* Try it: Exact retyping of the data: please keep every word and drop each picture.

* Input data:
# # # #
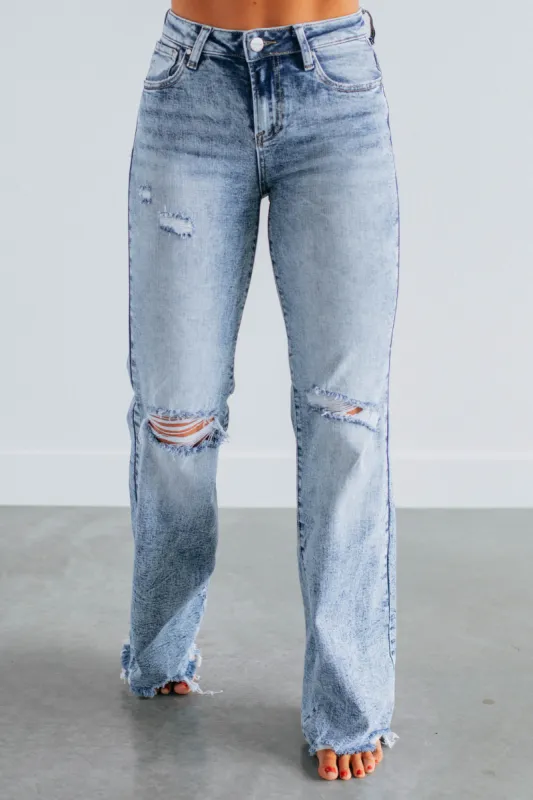 Jazlyn Risen Jeans - Karma sold by Wild Oak Boutique
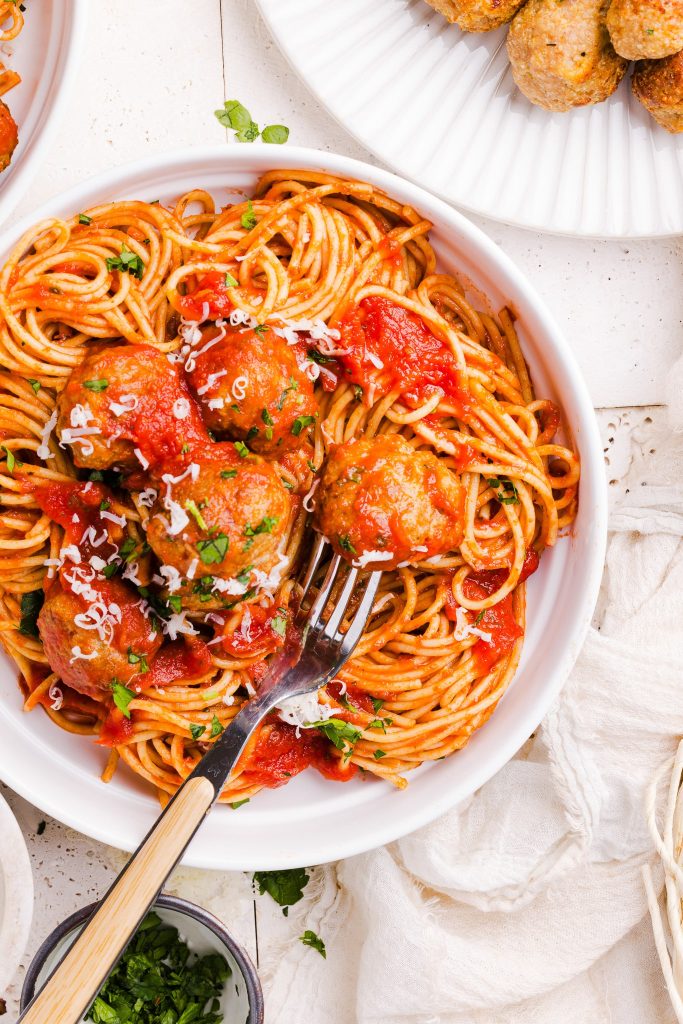 Easy Air Fryer Turkey Meatballs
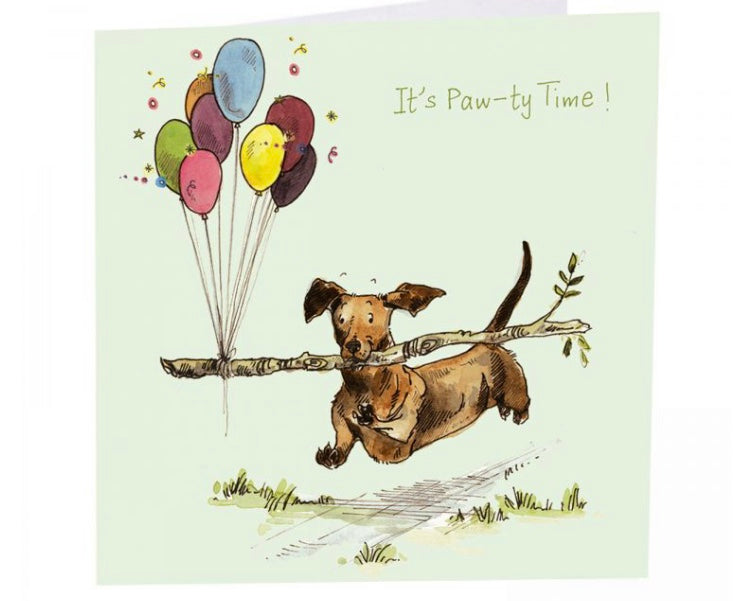 "Its Paw-ty Time" Art Beat Greeting Card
# # # #
* Task output:
 Jazlyn Risen Jeans - Karma sold by Wild Oak Boutique
 Easy Air Fryer Turkey Meatballs
 "Its Paw-ty Time" Art Beat Greeting Card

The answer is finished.